2007). Menurut Lazuardi (2010), lipofilitas dan gugus fungsional penarik elektron
yang terikat pada struktur molekul inti suatu obat juga memengaruhi karakter obat
tersebut. Sehingga terdapat beberapa obat dengan karakter mudah larut dalam
lemak atau mudah larut dalam non-lemak.
Obat akan diserap dalam bentuk molekul utuh. Dalam keadaan basa,
molekul obat mengalami disosiasi. Hal inilah yang membuat kesetimbangan
reaksi akan bergeser ke arah produk ionisasi sehingga kualitas absorbsi menjadi
rendah. Sedangkan pada keadaan asam, kesetimbangan reaksi akan bergeser ke
arah bahan atau molekul utuh sehingga kualitas absorbsi yang dihasilkan menjadi
tinggi (Tjay et al. 2007).
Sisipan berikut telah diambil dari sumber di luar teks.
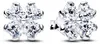 Pandora Sparkling Lucky Clover Stud Earrings 294500C01 Produktbild-Vorschau 1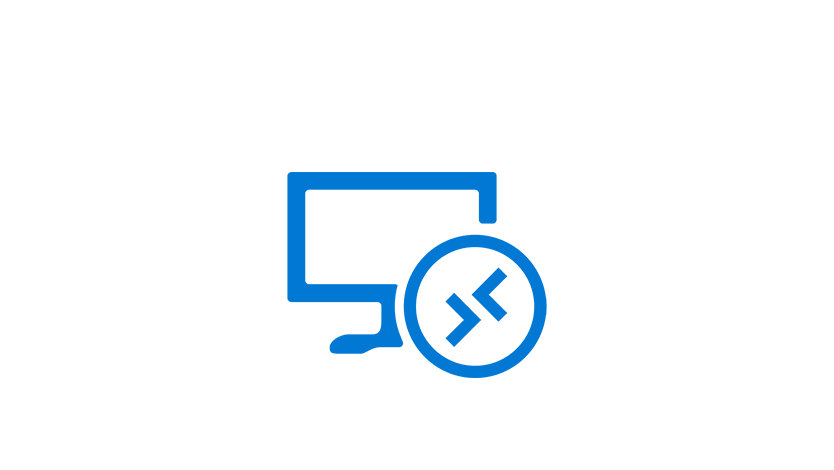 円の中にコードアイコンがあるデスクトップ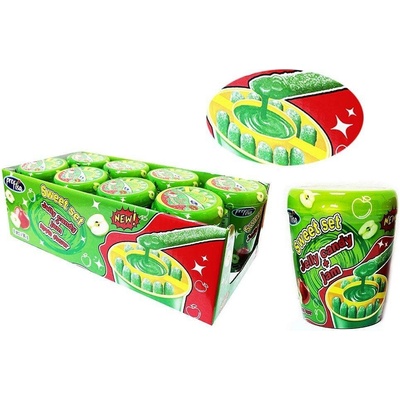 Sweet set Jelly Candy + Jam Jablko 96 g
Namun, dari data yang didapatkan melalui praktikum
meyimpang dari literatur yang ada. Hal ini dimungkinkan karena adanya
kesalahan praktikan saat mengoleksi isi lambung dan melakukan tritrasi pada
filtrat yang didapatkan sehingga mendapatkan hasil yang berkebalikan dengan
landasan teori yang ada.

KESIMPULAN DAN SARAN


Kesimpulan
Berdasarkan hasil yang didapat dalam praktikum ini dapat disimpulkan
bahwa terdapat beberapa faktor yang dapat memengaruhi kecepatan dan
presentasi absorbsi suatu obat, salah satunya adalah lingkungan absorbsi obat
tersebut. Dalam suasana asam, kemampuan molekul obat dalam diabsorbsi
meningkat sedangkan dalam keadaan basa justru menurunkan tingkat penyerapan

obat tersebut dalam jaringan. Hal tersebut mengakibatkan terjadinya perbedaan


kecepatan distribusi obat menuju organ targetnya.
Saran
Penggunaan hewan coba perlu ditambah untuk mendukung praktikum
mahasiswa. Waktu dalam praktikum perlu ditambah agar mahasiswa lebih
mendalami materi. Praktikan juga harus lebih teliti lagi apabila mengambil sampel
yang dibutuhkan.

DAFTAR PUSTAKA
[BPOM] Badan Pengawas Obat dan Makanan. 2011. Asam salisilat. Jakarta (ID):
SiKer Nas.
Goodman, Gilman. 2007. Dasar Farmakologi Terapi Edisi ke-10. Penerjemah:
Amalia. Jakarta (ID): EGC.
Kautsar A. 2009.peran capsaicin pada proses penyembuhan ulkus lambung tikus
yang diberi paparan piroksikam [skripsi]. Depok (ID): Universitas
Indonesia.
Lazuardi M. 2010. Biofarmasetik dan Farmakokinetik Klinik Medis Veteriner.
Jakarta (ID): Penerbit Ghalia Indonesia.
Pike D. 1997. OSH. Nashville (US): MDL Information System, Inc.
Pradyot P. 2002. Handbook of Inorganic Chemicals. Philadelphia (US): McGrawHill.
Sittig M. 1991. Handbook of Toxic and Hazardous Chemical and Carcinogens. Ed
ke-3. New Jersey (US): Noyes Publications.
Tjay TH, Rahardja K. 2007. Obat-Obat Penting. Jakarta (ID): PT Gramedia.

BERITA ACARA
1. Pada hari praktikum (Kamis, 18 September 2014), seluruh anggota
kelompok hadir.
2. Seluruh praktikan berbagi tugas dalam pengerjaan, ada yang melakukan,
persiapan alat, pengambilan obat, dan melihat hasil.